7 Reasons Why Your Personal Budget is Failing- and How to Fix it


Mastering the skill of creating and sticking to a budget is a long process for everyone, so don’t beat yourself up if you aren’t working with a successful one just yet. Fortunately, there are a few tips to make your budget easier to manage and get it on the right track.

Here’s a few reasons why your budget may be failing:

1. You Haven’t Adjusted it

One of the biggest mistakes that beginners will make with their budget is not adjusting it within their monthly time frame. Your finances will change, and in order for your budget to be successful, it has to match them.

When you first make your budget, you will base it off of your anticipated expenses and loan payments, such as a title loan payment schedule you might have. However, after these expenses change, they have to be updated to make sure your budget is reflective of the true anticipated income and expenses.

You will have to adjust month to month, and if you haven’t touched your budget since its inception, it’s time to revisit your plan.

2. You’re not Planning for Emergencies

A budget can mean nothing if you haven’t planned for your car battery needing to be replaced or your spouse having an emergency surgery. Emergency expenses can creep up on you and completely overturn your budget if you haven’t planned for them.

Emergency expenses can take away from your income that was dedicated towards important bills and necessary expenses.

One easy way to combat this is to build up an emergency fund. You should be aiming to have at least six months of living expenses saved, although more if possible is also recommended. Every month you should have planned for 10% of your income to go into your savings.

This can easily help build your fund and create a decent sized emergency stash in a matter of months.

3. You Haven’t Set Realistic Goals

Keeping your goals too far away can be where you are coming up short. Setting goals can keep you motivated to save more, but it can also be a hinderance if you have set unrealistic ones. Instead of “save enough for a house in a year” as a goal, it may be prudent to try more realistic ones:

  • Save Enough for A Down Payment for A House
  • Save Enough for Six Months of Unemployment
  • Cut Down Entertainment Expenses in Half
  • Pay Off Credit Card Debt

These realistic goals can help you stay motivated and not feel discouraged if you aren’t meeting them! Set smaller goals that can help you become encouraged to save more and have mini-goals and milestones you can easily meet throughout the year with a little bit of effort.

When you meet your goals, it’s okay to reward yourself! Whether it be a nice new outfit or a dinner, it can help you feel rewarded for becoming financially responsible.

4. Your Budget is Restrictive

When you first create your budget, it can be tempting to strip your spending down to the smallest amount possible. While it can seem like the right thing to do, it can be detrimental to your budget’s success.

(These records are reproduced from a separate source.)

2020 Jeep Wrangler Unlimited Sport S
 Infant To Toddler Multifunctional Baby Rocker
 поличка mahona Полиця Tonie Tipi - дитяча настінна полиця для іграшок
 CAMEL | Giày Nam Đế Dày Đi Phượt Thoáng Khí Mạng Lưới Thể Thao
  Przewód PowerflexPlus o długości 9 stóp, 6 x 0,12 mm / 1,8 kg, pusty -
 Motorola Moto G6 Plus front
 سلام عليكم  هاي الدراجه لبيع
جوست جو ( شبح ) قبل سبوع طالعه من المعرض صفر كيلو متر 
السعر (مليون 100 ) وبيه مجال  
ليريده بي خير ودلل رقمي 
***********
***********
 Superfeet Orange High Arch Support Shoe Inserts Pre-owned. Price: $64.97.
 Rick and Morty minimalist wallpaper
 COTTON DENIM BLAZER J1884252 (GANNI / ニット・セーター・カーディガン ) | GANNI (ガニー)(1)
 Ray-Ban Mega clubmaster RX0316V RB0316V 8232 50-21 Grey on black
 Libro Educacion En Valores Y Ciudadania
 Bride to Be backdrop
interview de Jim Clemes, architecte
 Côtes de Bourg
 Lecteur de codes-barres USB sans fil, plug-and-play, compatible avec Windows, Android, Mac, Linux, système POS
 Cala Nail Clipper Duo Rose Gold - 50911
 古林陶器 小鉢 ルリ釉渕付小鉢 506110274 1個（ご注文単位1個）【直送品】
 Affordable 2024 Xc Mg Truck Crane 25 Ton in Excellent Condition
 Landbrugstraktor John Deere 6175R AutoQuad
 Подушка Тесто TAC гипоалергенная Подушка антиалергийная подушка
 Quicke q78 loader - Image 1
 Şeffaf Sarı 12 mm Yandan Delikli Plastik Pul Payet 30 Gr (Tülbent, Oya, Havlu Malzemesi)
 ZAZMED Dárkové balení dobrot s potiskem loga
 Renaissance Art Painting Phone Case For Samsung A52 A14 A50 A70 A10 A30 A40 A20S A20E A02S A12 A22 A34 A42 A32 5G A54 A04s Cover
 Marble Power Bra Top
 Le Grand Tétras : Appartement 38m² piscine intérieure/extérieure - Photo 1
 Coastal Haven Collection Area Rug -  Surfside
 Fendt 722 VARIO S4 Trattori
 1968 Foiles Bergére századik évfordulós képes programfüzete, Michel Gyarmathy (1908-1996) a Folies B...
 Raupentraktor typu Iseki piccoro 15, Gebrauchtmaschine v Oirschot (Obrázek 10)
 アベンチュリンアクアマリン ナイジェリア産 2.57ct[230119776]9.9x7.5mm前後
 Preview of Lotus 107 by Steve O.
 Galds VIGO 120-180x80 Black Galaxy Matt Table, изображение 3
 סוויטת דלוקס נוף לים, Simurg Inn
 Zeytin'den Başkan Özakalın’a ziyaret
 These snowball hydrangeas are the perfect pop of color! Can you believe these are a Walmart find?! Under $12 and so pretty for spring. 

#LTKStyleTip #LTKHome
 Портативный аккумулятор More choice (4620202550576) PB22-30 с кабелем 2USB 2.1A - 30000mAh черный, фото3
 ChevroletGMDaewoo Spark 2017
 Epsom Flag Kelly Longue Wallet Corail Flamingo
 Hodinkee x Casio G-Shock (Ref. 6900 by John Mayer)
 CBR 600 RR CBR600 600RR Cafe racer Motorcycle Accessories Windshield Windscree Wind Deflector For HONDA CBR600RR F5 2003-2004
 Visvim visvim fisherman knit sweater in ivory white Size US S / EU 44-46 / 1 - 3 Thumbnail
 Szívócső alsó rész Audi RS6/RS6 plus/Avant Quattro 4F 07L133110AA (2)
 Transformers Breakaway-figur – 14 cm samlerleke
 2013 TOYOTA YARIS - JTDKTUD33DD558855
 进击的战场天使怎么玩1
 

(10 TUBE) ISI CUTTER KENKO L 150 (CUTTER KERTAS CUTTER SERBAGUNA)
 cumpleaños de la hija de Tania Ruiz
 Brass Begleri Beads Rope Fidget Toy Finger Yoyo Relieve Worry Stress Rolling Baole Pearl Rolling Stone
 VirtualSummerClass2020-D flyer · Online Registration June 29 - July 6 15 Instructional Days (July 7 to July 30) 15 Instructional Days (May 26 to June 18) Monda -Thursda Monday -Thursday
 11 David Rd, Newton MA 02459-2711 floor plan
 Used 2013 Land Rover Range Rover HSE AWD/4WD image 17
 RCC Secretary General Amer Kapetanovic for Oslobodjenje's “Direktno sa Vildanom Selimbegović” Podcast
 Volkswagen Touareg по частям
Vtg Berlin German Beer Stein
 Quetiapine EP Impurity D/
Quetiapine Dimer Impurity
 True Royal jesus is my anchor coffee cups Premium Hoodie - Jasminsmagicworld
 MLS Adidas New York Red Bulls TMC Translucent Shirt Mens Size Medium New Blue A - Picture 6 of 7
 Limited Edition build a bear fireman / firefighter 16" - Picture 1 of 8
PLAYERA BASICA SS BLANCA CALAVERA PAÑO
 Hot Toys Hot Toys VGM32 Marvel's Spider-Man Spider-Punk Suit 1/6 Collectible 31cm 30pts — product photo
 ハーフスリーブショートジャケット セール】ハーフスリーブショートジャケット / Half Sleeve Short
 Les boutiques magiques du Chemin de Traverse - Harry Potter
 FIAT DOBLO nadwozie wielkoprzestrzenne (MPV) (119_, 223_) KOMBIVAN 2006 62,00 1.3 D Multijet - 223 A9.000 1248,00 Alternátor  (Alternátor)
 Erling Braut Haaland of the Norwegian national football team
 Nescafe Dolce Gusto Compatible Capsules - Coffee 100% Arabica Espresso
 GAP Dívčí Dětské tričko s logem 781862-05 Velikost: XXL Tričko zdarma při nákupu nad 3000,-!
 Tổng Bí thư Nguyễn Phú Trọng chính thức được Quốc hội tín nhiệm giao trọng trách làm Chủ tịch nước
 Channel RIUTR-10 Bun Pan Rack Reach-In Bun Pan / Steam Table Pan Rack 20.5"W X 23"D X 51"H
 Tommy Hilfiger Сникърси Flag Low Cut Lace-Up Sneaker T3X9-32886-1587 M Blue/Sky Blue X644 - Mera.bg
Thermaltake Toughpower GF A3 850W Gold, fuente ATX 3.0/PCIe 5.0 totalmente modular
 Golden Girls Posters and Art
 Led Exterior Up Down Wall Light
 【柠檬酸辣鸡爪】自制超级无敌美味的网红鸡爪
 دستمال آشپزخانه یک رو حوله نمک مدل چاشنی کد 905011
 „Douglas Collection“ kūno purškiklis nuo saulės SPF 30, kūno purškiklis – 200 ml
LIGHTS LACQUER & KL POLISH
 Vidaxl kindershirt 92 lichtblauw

If you’re budget is too restrictive, it can lead to overspending eventually, as you might feel like it is too impossible to stick to the limitations that you’ve set. It is important to allow yourself some luxuries, as long as they do not get out of hand.

Having too much restriction can discourage you from your goals and allowing a little bit of wiggle room can help you feel much less overwhelmed throughout the month.

Restrict somethings like entertainment but allow yourself a few different occasional luxuries throughout the month like a nice dinner.

5. You’re Not Changing Your Habits

When you’ve created your budget, one of the mistakes that you might make is not changing your financial habits. Your financial habits will need to adapt with your budget. For example, you might have only a certain budget for groceries and food throughout the month.

One of the mistakes you might be making is not adapting to the habits that can make this budget possible, such as taking your lunch to work instead of buying lunch every day.

These seemingly small purchases can add up quickly and contribute to over $40 a week just on UberEats!

Changing your spending behavior to taking a lunch ahead of time can save you over $120 a month that can be invested elsewhere.

Another habit that can be changed is how you spend your money on items like coffee. The cost of Starbucks once a day, five days a week could be invested in a coffee machine. This can save you exponentially throughout the month!

6. You’re not Being Proactive

Part of what makes a budget successful is being proactive about keeping it a success. Being proactive can mean a variety of different things, but what it mostly comes down to is motivation to keep your budget in check.

This means being on top of your budget every month, and making sure you adjust it as needed throughout the month.

7. You’re Forgetting to Add Things to Your Budget

When you’re putting together a budget, most people will gather their monthly bills and find out where their money has been going every month. However, basing solely on bills can be a hinderance, as there are usually plenty of additional expenses that don’t come with bills.

Some of the items that most forget to include on their expenses sheet are:

  • Eating out
  • Clothes
  • Impulse Shopping
  • Entertainment Costs
  • Subscriptions
  • Annual Payments
  • Emergencies
  • Gifts

All of these are very real expenses that most do not prepare for, or do not include on their budget. Adding these in can give you a more accurate estimate of your budget, and help it become more successful in finding where you need to cut your spending!